TerraPulse Data Dimensions
Living document. Last updated: 2026-03-18.
814K+ observations. 23 metrics. 11 categories. 44 countries. 76 years of temporal depth.
The Observation Cube
Every observation in TerraPulse lives in a multi-dimensional space:
Time × Location × Flavor = the observation cube
Each record carries these dimensions at varying levels of completeness, creating a rich but heterogeneous dataset that requires careful normalization for cross-source analysis.
Dimension 1: Time (100% coverage)
All 814K+ rows have timestamp_utc. This is the universal join key — everything can be aligned to a shared timeline.
| Property | Value |
|---|---|
| Coverage | 100% of all observations |
| Span | 76 years (1949–2026) |
| Earliest | 1949-12-31 (ONI climate index) |
| Latest | Current (real-time ingestion) |
| Distinct days | 2,612 |
Temporal Granularity by Source
| Granularity | Sources |
|---|---|
| 10-minute | GeoSphere TAWES stations |
| 15-minute | USGS Water (streamflow) |
| Hourly | NOAA SWPC (Kp index, solar flux), INCA |
| ~Real-time | USGS Earthquake, Safecast, Open-Meteo |
| Daily | NASA POWER reanalysis, USDM drought snapshots |
| Weekly | USDM drought (published Thursdays) |
| Monthly | Climate indices (MEI, ONI) |
| Annual | World Bank indicators |
Temporal Depth by Metric
| Metric | Earliest | Latest | Depth |
|---|---|---|---|
| climate_oni | 1949 | 2025 | 76 years |
| wb_SP.POP.TOTL | 1960 | 2022 | 63 years |
| climate_mei_v2 | 1979 | 2025 | 47 years |
| wb_AG.LND.FRST.ZS | 1990 | 2022 | 33 years |
| wb_EG.USE.PCAP.KG.OE | 1990 | 2022 | 33 years |
| drought_area_pct | 2010 | 2026 | 16 years |
| earthquake_magnitude | 2021 | 2026 | 5 years |
| nasa_power_t2m | 2023 | 2026 | 3 years |
| All others | 2026 | 2026 | Days–weeks (real-time only) |
Dimension 2: Location (93% spatial coverage)
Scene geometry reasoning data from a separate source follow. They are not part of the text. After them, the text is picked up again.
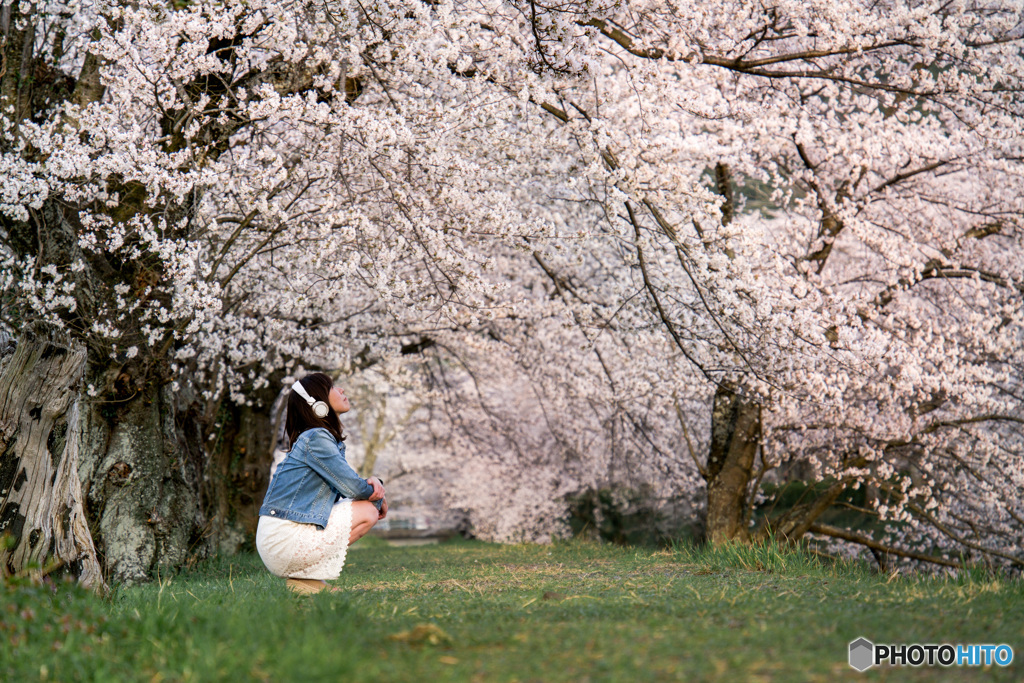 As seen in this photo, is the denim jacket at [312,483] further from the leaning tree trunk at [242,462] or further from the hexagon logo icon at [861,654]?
the leaning tree trunk at [242,462]

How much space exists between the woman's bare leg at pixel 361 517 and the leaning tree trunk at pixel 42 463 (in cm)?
148

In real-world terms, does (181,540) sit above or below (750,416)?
below

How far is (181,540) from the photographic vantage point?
735cm

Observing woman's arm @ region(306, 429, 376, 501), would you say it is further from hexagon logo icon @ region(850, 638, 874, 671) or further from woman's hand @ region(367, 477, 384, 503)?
hexagon logo icon @ region(850, 638, 874, 671)

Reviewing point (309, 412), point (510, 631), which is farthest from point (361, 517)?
point (510, 631)

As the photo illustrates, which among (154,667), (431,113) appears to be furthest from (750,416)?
(154,667)

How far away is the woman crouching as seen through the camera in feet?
15.5

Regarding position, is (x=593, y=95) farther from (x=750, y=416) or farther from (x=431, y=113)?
(x=750, y=416)

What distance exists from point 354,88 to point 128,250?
2.39 m

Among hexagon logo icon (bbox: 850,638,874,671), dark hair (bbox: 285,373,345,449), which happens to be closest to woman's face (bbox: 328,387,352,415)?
dark hair (bbox: 285,373,345,449)

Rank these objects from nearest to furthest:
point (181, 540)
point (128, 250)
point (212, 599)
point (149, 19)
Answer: point (212, 599) → point (149, 19) → point (128, 250) → point (181, 540)

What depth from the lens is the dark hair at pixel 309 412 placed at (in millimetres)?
5008

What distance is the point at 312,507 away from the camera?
4.75m

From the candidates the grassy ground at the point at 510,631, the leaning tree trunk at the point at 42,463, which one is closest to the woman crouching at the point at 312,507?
the grassy ground at the point at 510,631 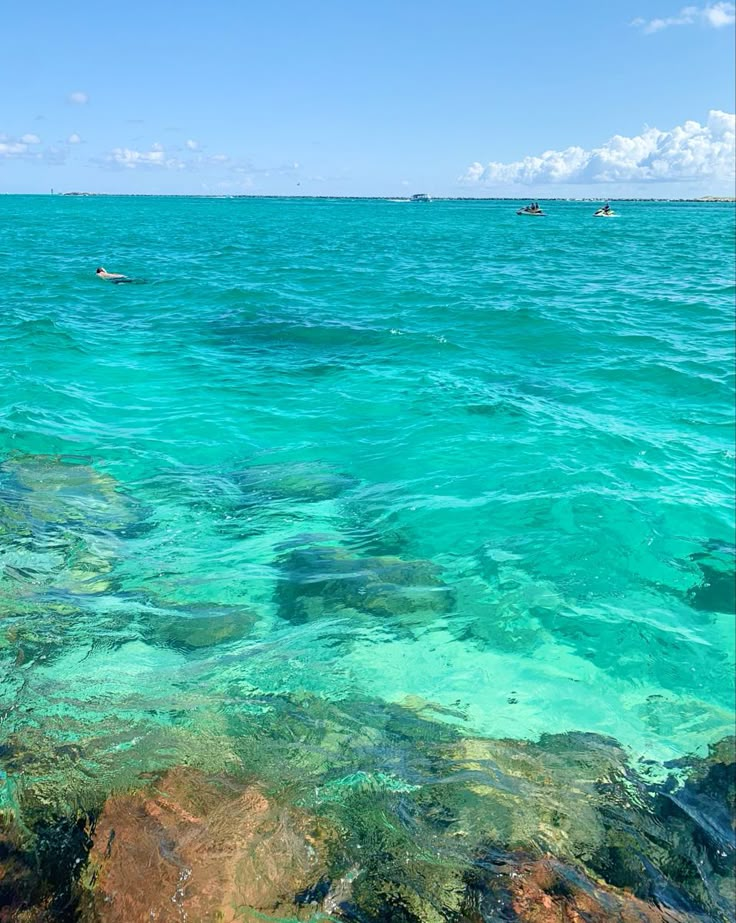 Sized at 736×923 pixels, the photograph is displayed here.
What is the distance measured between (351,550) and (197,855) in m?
5.23

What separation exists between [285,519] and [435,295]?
846 inches

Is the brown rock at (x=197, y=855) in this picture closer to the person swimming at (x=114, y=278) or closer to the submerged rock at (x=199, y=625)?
the submerged rock at (x=199, y=625)

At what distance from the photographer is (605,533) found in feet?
30.4

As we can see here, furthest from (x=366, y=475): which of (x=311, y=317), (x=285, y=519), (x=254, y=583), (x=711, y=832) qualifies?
(x=311, y=317)

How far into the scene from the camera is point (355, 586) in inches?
292

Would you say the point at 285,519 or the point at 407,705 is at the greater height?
the point at 285,519

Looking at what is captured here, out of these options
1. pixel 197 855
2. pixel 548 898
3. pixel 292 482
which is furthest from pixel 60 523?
pixel 548 898

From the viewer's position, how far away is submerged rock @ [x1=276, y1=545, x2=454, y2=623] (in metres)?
7.07

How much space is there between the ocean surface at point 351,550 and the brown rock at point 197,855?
264 mm

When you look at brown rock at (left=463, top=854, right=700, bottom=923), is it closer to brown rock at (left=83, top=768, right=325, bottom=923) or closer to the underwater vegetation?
the underwater vegetation

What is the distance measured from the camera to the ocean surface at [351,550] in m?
4.88

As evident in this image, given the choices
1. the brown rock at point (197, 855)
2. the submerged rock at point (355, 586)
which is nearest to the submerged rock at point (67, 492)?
the submerged rock at point (355, 586)

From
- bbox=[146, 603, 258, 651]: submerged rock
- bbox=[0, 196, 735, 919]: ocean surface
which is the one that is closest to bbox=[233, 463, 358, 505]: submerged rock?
bbox=[0, 196, 735, 919]: ocean surface

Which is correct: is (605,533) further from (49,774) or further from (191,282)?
(191,282) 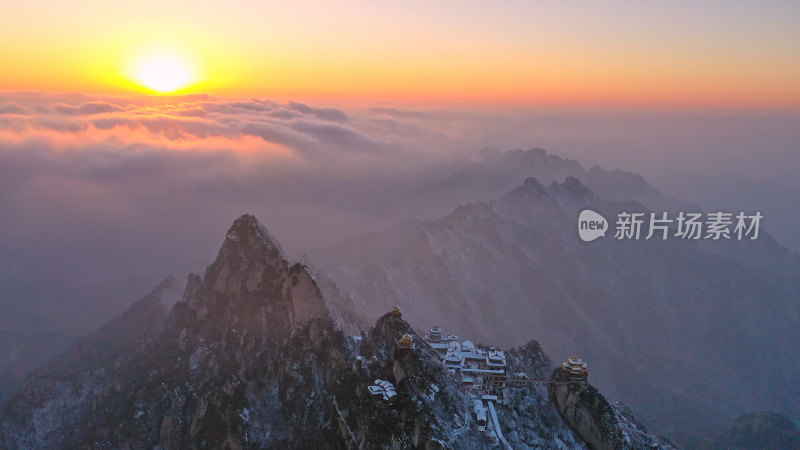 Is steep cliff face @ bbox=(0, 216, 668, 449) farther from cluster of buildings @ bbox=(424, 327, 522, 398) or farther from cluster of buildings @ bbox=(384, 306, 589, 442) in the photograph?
cluster of buildings @ bbox=(424, 327, 522, 398)

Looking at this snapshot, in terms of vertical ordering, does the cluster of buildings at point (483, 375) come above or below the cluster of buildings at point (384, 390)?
above

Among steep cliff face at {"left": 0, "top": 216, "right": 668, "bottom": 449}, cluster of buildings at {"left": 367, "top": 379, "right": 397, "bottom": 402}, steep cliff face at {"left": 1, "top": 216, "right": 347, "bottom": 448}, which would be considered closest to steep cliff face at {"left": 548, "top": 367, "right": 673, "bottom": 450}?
steep cliff face at {"left": 0, "top": 216, "right": 668, "bottom": 449}

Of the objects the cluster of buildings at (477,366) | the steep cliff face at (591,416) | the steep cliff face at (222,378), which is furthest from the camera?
the steep cliff face at (222,378)

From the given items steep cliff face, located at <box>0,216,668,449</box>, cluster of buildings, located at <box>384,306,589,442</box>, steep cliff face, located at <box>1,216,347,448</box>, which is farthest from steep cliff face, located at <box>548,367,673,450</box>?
steep cliff face, located at <box>1,216,347,448</box>

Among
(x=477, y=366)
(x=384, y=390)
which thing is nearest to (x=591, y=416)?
(x=477, y=366)

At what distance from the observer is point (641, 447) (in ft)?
392

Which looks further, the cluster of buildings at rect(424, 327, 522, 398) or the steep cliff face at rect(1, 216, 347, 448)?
the steep cliff face at rect(1, 216, 347, 448)

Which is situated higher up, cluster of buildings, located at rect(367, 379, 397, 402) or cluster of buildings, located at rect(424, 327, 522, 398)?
cluster of buildings, located at rect(424, 327, 522, 398)

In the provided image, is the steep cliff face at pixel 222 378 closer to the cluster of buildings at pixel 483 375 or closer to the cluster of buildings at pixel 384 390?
the cluster of buildings at pixel 384 390

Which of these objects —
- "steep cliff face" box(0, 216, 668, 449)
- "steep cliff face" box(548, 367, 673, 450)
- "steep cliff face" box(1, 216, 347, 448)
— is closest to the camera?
"steep cliff face" box(548, 367, 673, 450)

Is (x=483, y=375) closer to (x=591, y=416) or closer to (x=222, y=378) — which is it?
(x=591, y=416)

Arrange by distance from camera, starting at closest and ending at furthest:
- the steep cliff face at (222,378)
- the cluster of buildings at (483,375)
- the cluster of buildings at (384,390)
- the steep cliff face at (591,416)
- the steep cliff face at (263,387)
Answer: the steep cliff face at (591,416)
the cluster of buildings at (384,390)
the steep cliff face at (263,387)
the cluster of buildings at (483,375)
the steep cliff face at (222,378)

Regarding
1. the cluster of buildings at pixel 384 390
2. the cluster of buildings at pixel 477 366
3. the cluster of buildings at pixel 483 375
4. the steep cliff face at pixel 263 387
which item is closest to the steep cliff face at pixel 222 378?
the steep cliff face at pixel 263 387

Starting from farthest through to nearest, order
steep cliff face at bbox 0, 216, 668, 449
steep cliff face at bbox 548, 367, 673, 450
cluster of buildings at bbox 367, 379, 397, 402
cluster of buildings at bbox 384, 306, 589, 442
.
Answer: cluster of buildings at bbox 384, 306, 589, 442 < steep cliff face at bbox 0, 216, 668, 449 < cluster of buildings at bbox 367, 379, 397, 402 < steep cliff face at bbox 548, 367, 673, 450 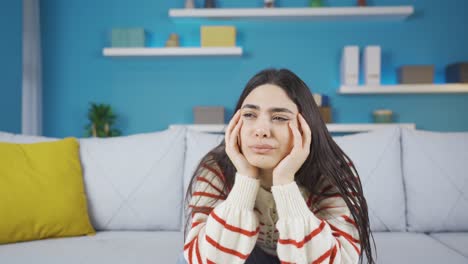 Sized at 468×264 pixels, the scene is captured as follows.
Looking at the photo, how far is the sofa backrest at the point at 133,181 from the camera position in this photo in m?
1.74

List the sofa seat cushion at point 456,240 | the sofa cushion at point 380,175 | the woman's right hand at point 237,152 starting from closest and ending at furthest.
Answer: the woman's right hand at point 237,152 < the sofa seat cushion at point 456,240 < the sofa cushion at point 380,175

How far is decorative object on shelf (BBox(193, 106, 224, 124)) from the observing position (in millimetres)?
3223

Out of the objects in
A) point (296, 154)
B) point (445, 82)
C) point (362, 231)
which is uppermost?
point (445, 82)

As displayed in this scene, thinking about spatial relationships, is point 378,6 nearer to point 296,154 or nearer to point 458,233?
point 458,233

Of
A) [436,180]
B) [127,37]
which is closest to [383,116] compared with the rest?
[436,180]

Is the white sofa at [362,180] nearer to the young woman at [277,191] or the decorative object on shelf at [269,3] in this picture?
the young woman at [277,191]

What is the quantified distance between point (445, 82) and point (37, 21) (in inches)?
130

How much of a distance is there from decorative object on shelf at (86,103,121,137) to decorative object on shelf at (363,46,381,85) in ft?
6.64

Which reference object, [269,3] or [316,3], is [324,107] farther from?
[269,3]

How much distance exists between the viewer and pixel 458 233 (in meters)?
1.71

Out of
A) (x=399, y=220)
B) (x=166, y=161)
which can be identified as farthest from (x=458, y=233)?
(x=166, y=161)

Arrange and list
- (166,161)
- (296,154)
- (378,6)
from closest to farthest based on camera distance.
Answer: (296,154) → (166,161) → (378,6)

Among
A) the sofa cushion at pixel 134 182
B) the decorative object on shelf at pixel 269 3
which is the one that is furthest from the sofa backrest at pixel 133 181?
the decorative object on shelf at pixel 269 3

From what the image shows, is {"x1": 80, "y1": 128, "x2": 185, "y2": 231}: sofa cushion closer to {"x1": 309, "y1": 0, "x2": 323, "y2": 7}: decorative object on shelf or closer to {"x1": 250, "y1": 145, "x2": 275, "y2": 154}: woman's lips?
{"x1": 250, "y1": 145, "x2": 275, "y2": 154}: woman's lips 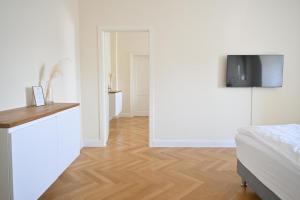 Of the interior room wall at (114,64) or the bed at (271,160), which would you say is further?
the interior room wall at (114,64)

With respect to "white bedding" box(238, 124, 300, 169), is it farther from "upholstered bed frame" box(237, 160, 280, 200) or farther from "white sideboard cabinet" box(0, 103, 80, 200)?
"white sideboard cabinet" box(0, 103, 80, 200)

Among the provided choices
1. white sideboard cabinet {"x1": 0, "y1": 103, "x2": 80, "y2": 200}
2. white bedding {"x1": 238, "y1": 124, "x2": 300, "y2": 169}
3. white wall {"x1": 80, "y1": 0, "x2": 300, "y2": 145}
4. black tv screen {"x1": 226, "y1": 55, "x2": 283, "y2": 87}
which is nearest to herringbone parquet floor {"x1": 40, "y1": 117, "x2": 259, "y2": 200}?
white sideboard cabinet {"x1": 0, "y1": 103, "x2": 80, "y2": 200}

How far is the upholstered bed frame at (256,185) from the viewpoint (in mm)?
1992

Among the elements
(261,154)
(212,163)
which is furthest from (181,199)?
(212,163)

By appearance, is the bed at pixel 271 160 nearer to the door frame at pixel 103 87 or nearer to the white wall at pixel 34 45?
the door frame at pixel 103 87

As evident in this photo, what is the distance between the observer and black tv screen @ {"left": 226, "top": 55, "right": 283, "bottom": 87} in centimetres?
404

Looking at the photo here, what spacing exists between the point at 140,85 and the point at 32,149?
6054 mm

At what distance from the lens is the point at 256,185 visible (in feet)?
7.38

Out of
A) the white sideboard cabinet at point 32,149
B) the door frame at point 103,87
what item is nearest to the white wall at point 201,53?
the door frame at point 103,87

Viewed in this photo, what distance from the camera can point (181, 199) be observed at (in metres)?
2.40

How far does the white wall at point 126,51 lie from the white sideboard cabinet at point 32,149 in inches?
198

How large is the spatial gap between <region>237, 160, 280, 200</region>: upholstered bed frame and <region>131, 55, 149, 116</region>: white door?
17.4ft

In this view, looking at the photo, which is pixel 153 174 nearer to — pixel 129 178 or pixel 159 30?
pixel 129 178

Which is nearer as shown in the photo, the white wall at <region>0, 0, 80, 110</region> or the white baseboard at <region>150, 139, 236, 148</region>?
the white wall at <region>0, 0, 80, 110</region> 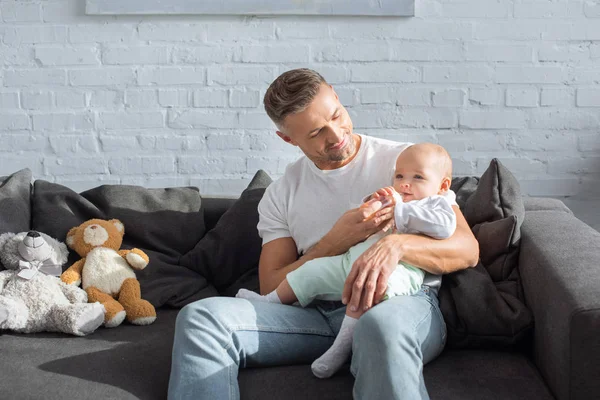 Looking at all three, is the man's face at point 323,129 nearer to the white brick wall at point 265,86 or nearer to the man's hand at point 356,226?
the man's hand at point 356,226

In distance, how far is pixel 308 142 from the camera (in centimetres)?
222

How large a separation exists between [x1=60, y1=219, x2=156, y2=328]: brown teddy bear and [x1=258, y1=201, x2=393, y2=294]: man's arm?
37 centimetres

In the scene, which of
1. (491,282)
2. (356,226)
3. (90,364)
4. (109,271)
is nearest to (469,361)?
(491,282)

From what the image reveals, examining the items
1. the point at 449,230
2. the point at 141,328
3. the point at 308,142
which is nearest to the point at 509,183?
the point at 449,230

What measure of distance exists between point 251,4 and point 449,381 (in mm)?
1688

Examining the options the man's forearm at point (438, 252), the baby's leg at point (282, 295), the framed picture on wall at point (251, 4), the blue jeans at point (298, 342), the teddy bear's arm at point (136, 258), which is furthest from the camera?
the framed picture on wall at point (251, 4)

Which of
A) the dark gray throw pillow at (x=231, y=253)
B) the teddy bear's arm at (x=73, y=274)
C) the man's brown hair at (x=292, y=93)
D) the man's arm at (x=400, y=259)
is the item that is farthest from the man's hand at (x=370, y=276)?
the teddy bear's arm at (x=73, y=274)

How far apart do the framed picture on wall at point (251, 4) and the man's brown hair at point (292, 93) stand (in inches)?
34.0

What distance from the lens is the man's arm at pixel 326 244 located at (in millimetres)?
2082

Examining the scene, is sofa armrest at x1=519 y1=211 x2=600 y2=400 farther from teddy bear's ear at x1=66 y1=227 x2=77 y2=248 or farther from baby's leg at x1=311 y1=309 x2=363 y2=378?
teddy bear's ear at x1=66 y1=227 x2=77 y2=248

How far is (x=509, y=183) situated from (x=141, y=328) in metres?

756K rows (93%) have latitude/longitude. The remaining 7% are inherently non-point data.
| Property | Value |
|---|---|
| Rows with lat/lon | 756,128 (93%) |
| Rows geocoded | 357,006 (44%) |
| Distinct countries | 44 |
| Distinct states | 115 |
| Coordinate system | WGS84 (EPSG:4326) |
| Storage | PostGIS Geography(Point, 4326) |
Spatial Coverage by Category
| Category | Rows | Has Lat/Lon | Has Geocode | Coverage |
|---|---|---|---|---|
| Hydrology | 418K | 100% | 48% | US (California focus) |
| Radiation | 223K | 100% | 64% | Global (citizen science, Japan-heavy) |
| Seismic | 97K | 100% | 10% | Global |
| Temperature | 13K | 100% | 12% | 10 global cities + Austria |
| Air Quality | 2.2K | 100% | 72% | 10 global + 8 European cities |
| Water/Ocean | 5K | 32% | 4% | US coasts + 10 ocean regions + 10 rivers |
| Satellite | 1K | 100% | 63% | 5 climate regions (Arctic, Greenland, Amazon, Gulf, SE Asia) |
| Space Weather | 37K | 2% | 1% | Non-spatial (Sun-Earth system) |
| Drought | 13K | 0% | 0% | US states (area-based, not point) |
| Climate Indices | 3K | 0% | 0% | Global indices (not point-localizable) |
| Socioeconomic | 3K | 0% | 0% | Country-level (15 countries) |
Non-Point Data
Some metrics are inherently non-spatial or use different spatial models:
- Drought — area percentages per US state (D0–D4 levels). Location is
statein extra_json. - Climate Indices — global ocean-atmosphere oscillations (ENSO). No meaningful point location.
- World Bank — country-level aggregates.
country_codein extra_json. - Space Weather — Sun-Earth system events. Kp index, solar flux, CME trajectories exist in heliographic coordinates, not Earth surface.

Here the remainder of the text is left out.